■ **Problem**:
Your task is to output the listing exactly, leaving every image out.

■ **Available data**:
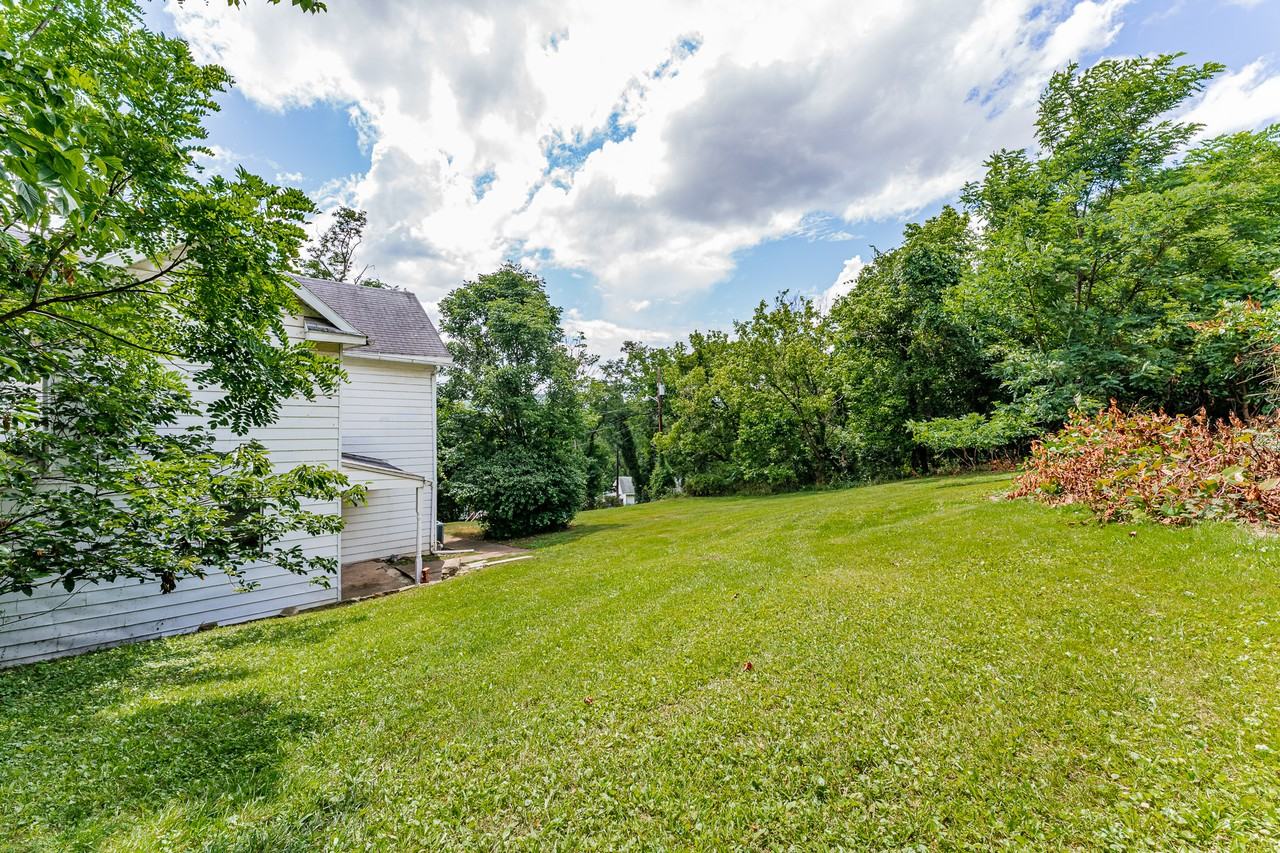 975 Dorsey Ave #1 - Photo 7 of 50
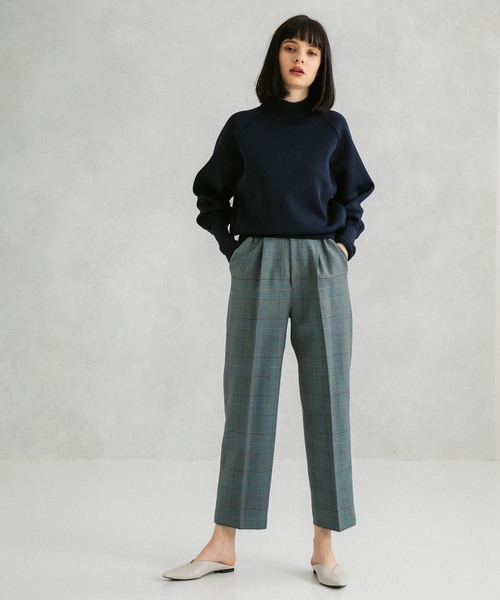 UNITED TOKYO（ユナイテッドトウキョウ）の「ボリュームスリーブニット（ニット/セーター・レディース・ブラック/ネイビー/パープル/グリーン/アイボリー/ピンク/ブルー・1）」の15枚目の写真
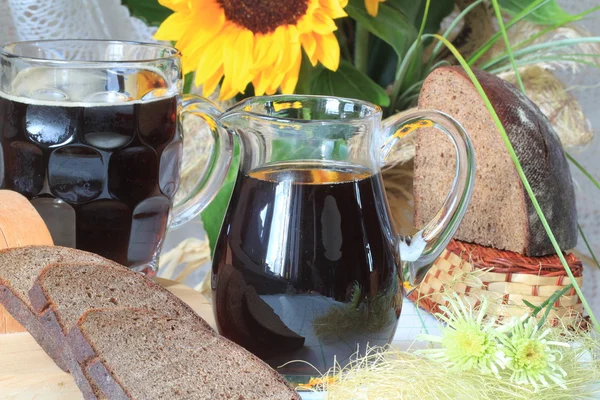 Jug and mug of kvass — Stock Photo, Image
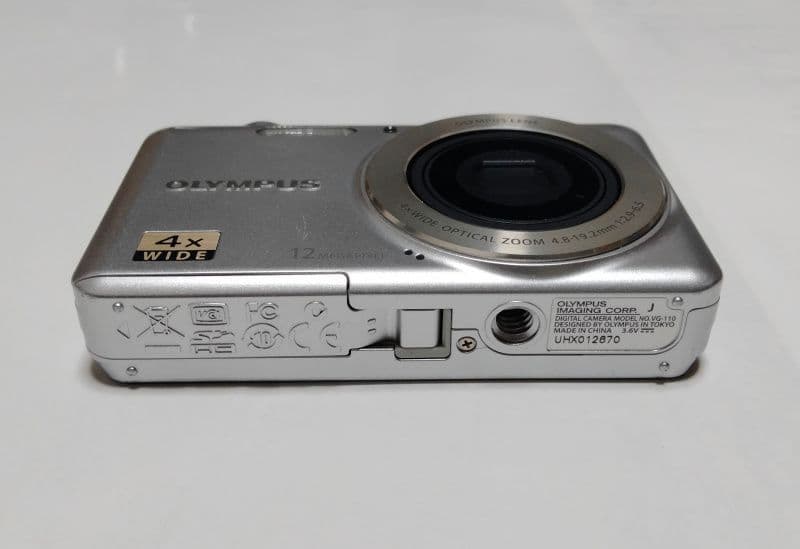 デジタルカメラ　OLYMPUS　VG-110　シルバー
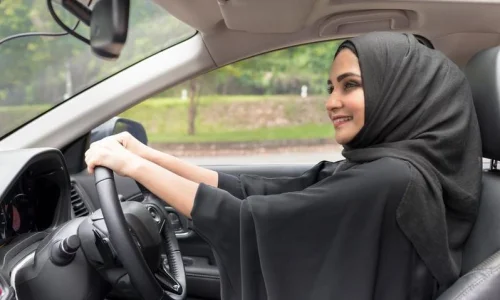 أهم 100 تفسير للحلم بقيادة السيارة للمتزوجة لابن سيرين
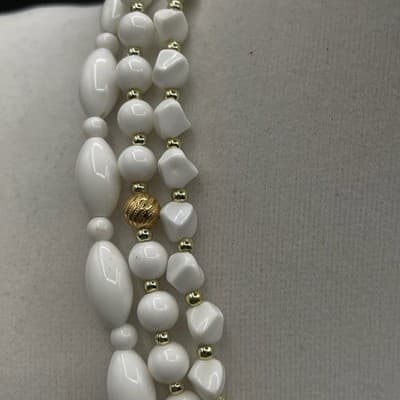 Vintage White Multi Strand Plastic Bead Necklace Gold Tone Accents Choker 16" - Thumbnail 3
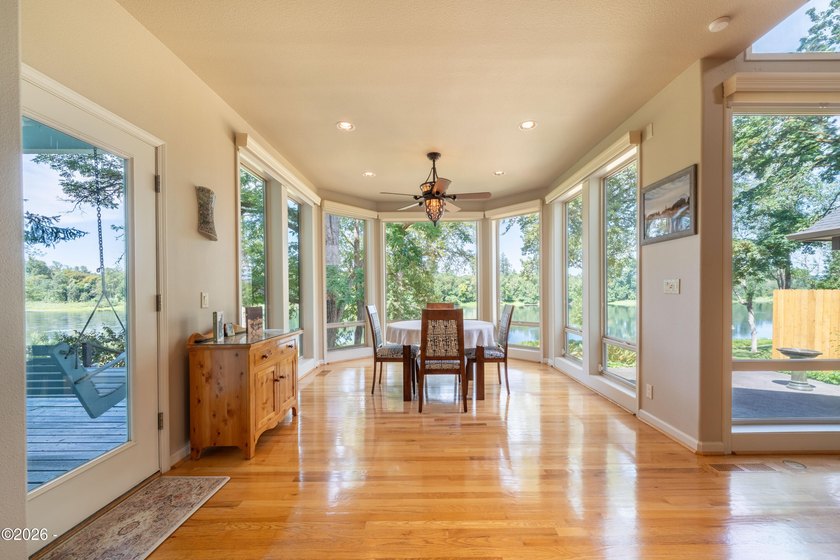 Experience refined riverfront living on the majestic Willamette - photo 21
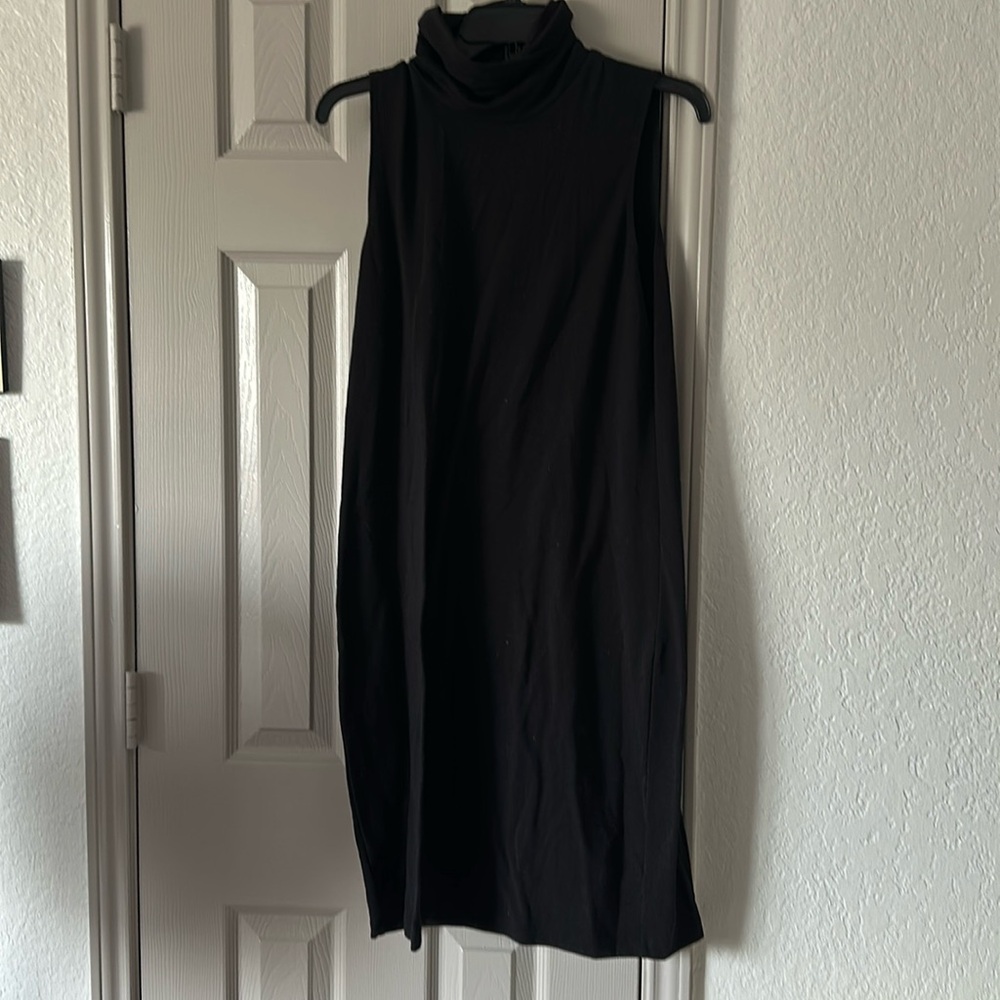 Old Navy Black Sleeveless Turtleneck Dress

■ **Written reply**:
 975 Dorsey Ave #1 - Photo 7 of 50
 UNITED TOKYO（ユナイテッドトウキョウ）の「ボリュームスリーブニット（ニット/セーター・レディース・ブラック/ネイビー/パープル/グリーン/アイボリー/ピンク/ブルー・1）」の15枚目の写真
 Jug and mug of kvass — Stock Photo, Image
 デジタルカメラ　OLYMPUS　VG-110　シルバー
 أهم 100 تفسير للحلم بقيادة السيارة للمتزوجة لابن سيرين
 Vintage White Multi Strand Plastic Bead Necklace Gold Tone Accents Choker 16" - Thumbnail 3
 Experience refined riverfront living on the majestic Willamette - photo 21
 Old Navy Black Sleeveless Turtleneck Dress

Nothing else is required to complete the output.